* Material provided *

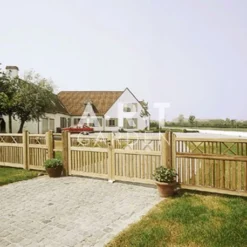 Portail Bois Vivaldi Double 125 X 297 Cm -Pas Cher Plante Douce Magasin portail bois vivaldi double 125 x 297 cm 3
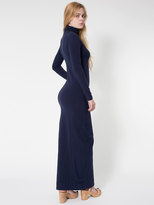 Thumbnail for your product : American Apparel Cotton Spandex Jersey Long Sleeve Turtleneck Maxi Dress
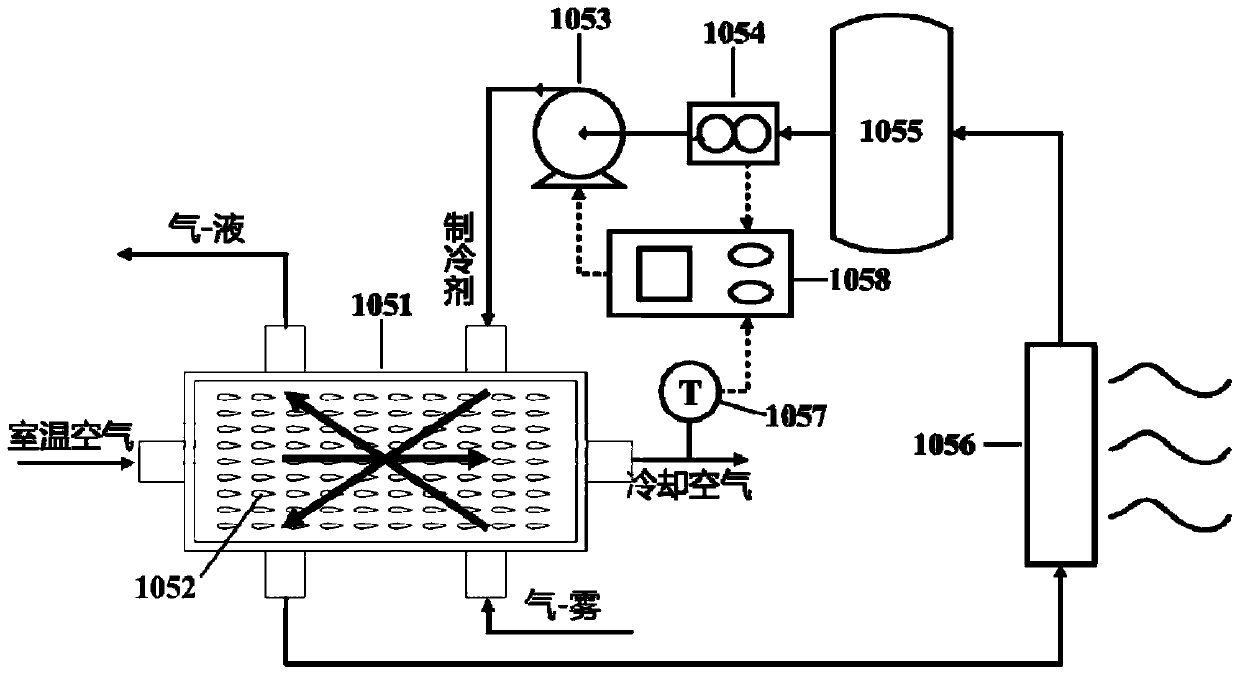 A two-phase experimental system for impingement cooling of turbine blade leading edge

* Exercise goal *
The answer is the full listing above, repeated exactly, with its pictures removed.

* The answer *
 Portail Bois Vivaldi Double 125 X 297 Cm -Pas Cher Plante Douce Magasin portail bois vivaldi double 125 x 297 cm 3
 Thumbnail for your product : American Apparel Cotton Spandex Jersey Long Sleeve Turtleneck Maxi Dress
 A two-phase experimental system for impingement cooling of turbine blade leading edge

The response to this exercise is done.